El telescopio espacial Neil Gehrels Swift Observatory, uno de los instrumentos científicos más importantes de la NASA para el estudio del universo de alta energía, afrontará el próximo martes 30 de junio una de las maniobras más trascendentales desde su lanzamiento en 2004.
Ese día está previsto el despegue de una misión robótica que buscará elevar su órbita, prolongando su funcionamiento y marcando un antes y un después en la forma de mantener observatorios espaciales.

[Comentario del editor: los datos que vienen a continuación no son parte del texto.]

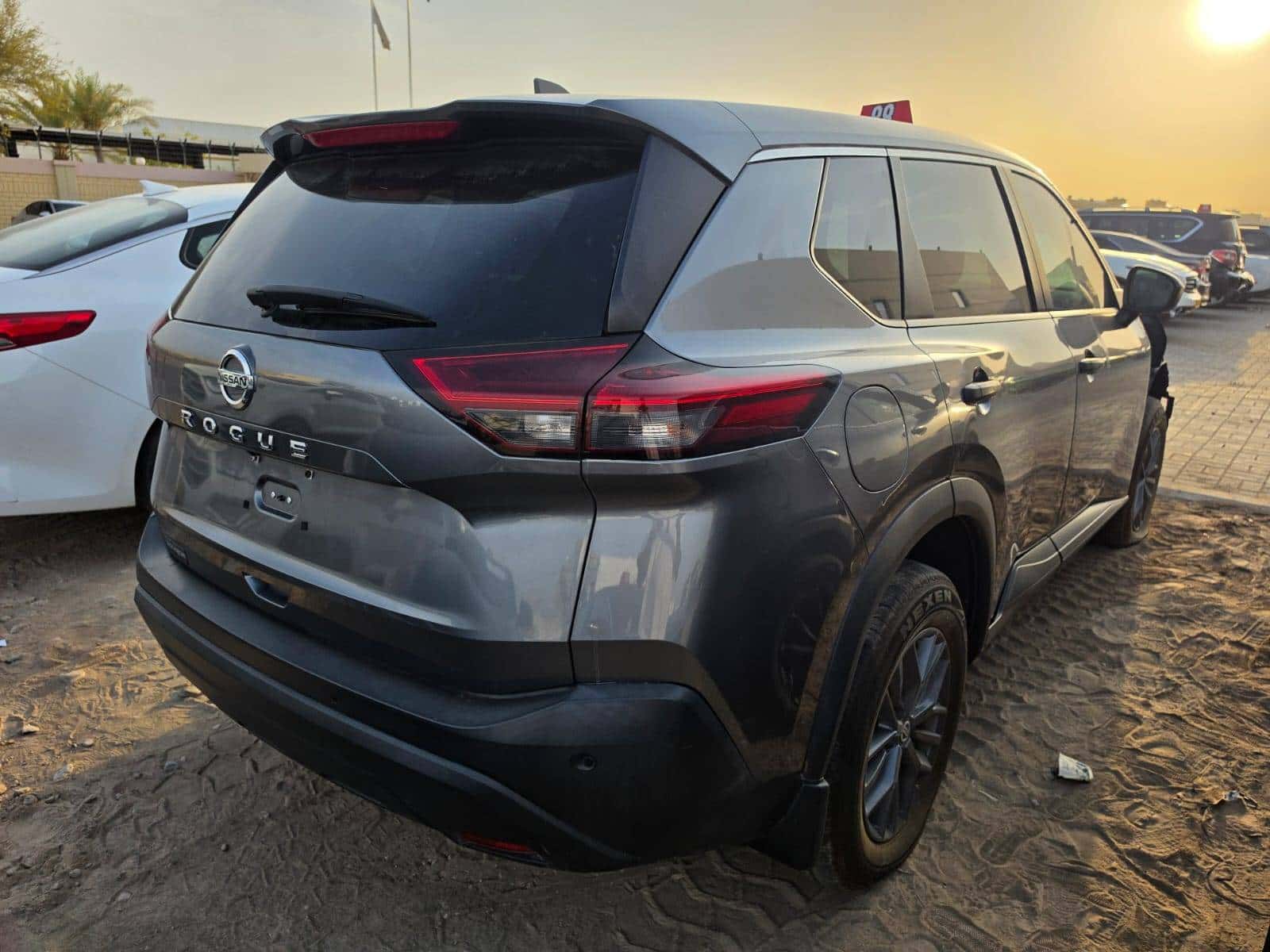 Nissan Rogue 2021 thumbnail 3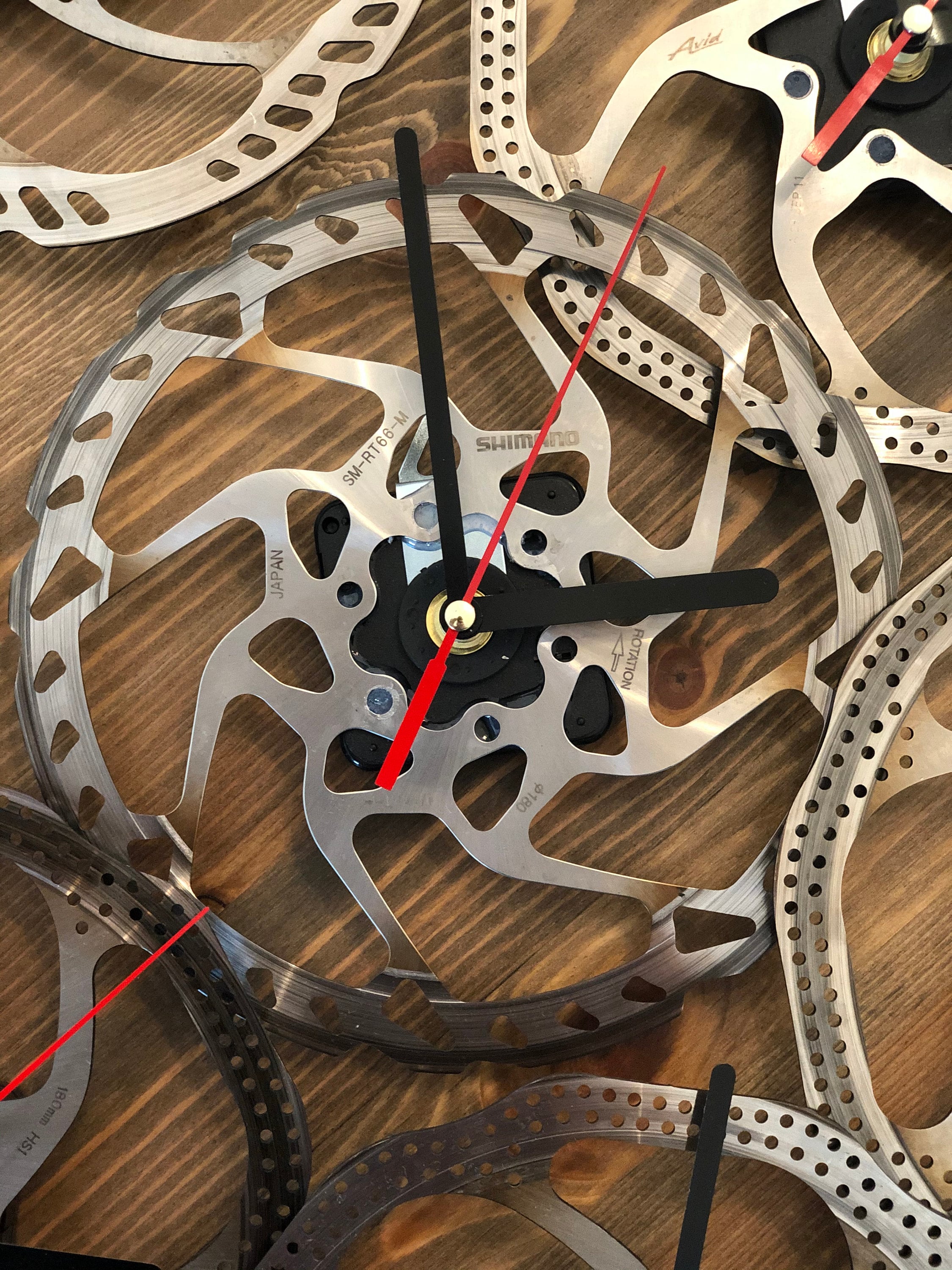 Fahrrad Wanduhr Aus Vinyl - Radsport Design Mit Silhouetten, Leises Uhrwerk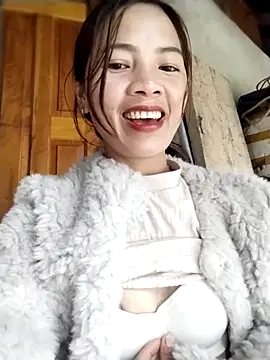 Snapshot of lmc-zz chatting on February 22, 5:51 am lmc-zz online show from February 22, 5:51 am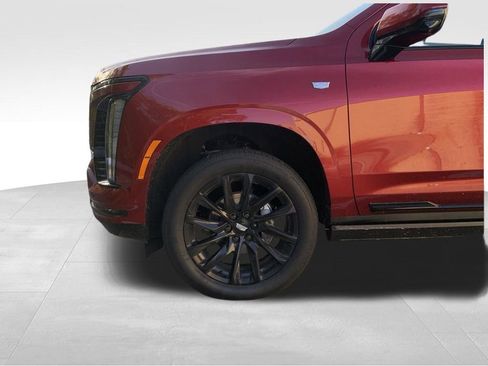 Used 2025 Cadillac Escalade Sport Platinum w/ LPO, Floor Liner Package image 9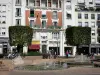 Douai - Los edificios, los árboles podados, las tiendas y fuentes de la Place d'Armes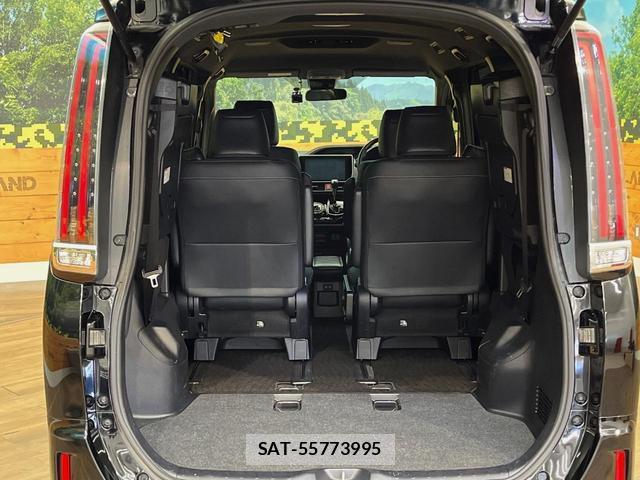 Toyota ESQUIRE 2018-03 8005214-13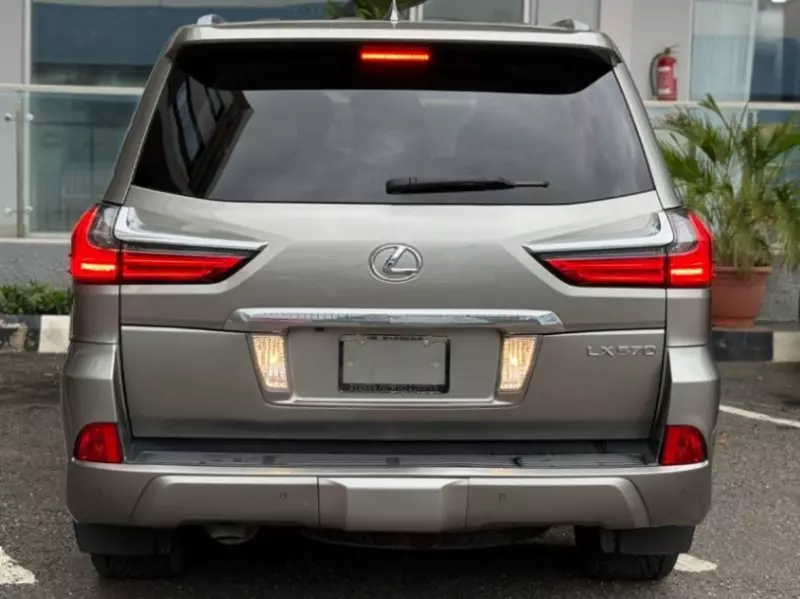 Lexus LX 570   - 2016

La misión Swift Boost, utilizará la nave espacial Link desarrollada por Katalyst Space. “No creemos que todos los satélites que se acercan al final de su ciclo de vida deban ser puestos en órbita. Su reentrada en la atmósfera es una parte natural del ecosistema espacial”, dijo Shawn Domagal-Goldman, director de la División de Astrofísica de la NASA.
Swift fue diseñado para detectar estallidos de rayos gamma, las explosiones más energéticas conocidas del universo. También ha contribuido al estudio de agujeros negros, estrellas de neutrones, supernovas, cometas y otros eventos astronómicos transitorios.
“Este no era un satélite cualquiera; es un observatorio con capacidades únicas para la astrofísica”, explicó Shawn. Y amplió: “Es un observatorio capaz de girar rápidamente por el cielo para localizar objetos que explotan en la oscuridad”.
La operación representa un enorme desafío tecnológico. El vehículo deberá realizar un encuentro orbital de gran precisión con un satélite que nunca fue diseñado para ser reparado o remolcado. Si la maniobra resulta exitosa, no solo permitirá que Swift continúe realizando observaciones científicas durante varios años más, sino que también demostrará la viabilidad de prestar servicio a satélites ya existentes en órbita.
Los especialistas consideran que esta tecnología podría revolucionar el futuro de la exploración espacial. En lugar de reemplazar costosos observatorios cuando comienzan a perder altura, será posible extender su vida útil mediante misiones de mantenimiento, reduciendo costos y disminuyendo la generación de basura espacial.